Stored records:

*** Begin section ***

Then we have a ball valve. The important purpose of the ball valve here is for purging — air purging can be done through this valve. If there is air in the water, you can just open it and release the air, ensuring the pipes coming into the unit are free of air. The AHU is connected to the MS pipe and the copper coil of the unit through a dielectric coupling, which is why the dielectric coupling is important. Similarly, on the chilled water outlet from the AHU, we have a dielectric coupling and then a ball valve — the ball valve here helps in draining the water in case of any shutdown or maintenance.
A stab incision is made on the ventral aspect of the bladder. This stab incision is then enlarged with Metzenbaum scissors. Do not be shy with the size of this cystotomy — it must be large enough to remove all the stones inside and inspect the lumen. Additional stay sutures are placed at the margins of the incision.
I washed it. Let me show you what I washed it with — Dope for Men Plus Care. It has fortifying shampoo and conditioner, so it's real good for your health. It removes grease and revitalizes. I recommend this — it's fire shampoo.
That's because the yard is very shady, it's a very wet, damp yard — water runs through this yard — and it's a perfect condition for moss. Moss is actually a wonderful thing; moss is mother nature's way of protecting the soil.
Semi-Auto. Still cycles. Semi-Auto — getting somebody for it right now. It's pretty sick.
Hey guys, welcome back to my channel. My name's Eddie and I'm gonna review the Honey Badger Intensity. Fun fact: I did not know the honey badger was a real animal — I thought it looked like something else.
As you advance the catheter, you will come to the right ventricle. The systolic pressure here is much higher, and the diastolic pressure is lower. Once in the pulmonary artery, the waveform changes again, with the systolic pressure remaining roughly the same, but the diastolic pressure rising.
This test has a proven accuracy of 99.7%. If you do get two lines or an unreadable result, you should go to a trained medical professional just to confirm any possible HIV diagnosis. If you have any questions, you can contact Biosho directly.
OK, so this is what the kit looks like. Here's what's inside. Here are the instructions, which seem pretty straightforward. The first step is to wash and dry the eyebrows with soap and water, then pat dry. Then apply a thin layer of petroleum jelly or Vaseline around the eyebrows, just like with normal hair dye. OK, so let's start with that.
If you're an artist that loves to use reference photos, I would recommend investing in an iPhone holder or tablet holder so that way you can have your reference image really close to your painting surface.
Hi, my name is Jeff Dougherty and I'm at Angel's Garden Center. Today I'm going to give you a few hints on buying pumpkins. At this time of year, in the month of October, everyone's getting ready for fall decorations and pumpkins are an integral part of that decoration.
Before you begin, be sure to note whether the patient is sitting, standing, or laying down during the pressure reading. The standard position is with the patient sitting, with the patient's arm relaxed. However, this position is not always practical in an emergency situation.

*** End section ***

**Activity:** Filter the data for the string "inside" and copy every line that has it.

**Exercise result:**
A stab incision is made on the ventral aspect of the bladder. This stab incision is then enlarged with Metzenbaum scissors. Do not be shy with the size of this cystotomy — it must be large enough to remove all the stones inside and inspect the lumen. Additional stay sutures are placed at the margins of the incision.
OK, so this is what the kit looks like. Here's what's inside. Here are the instructions, which seem pretty straightforward. The first step is to wash and dry the eyebrows with soap and water, then pat dry. Then apply a thin layer of petroleum jelly or Vaseline around the eyebrows, just like with normal hair dye. OK, so let's start with that.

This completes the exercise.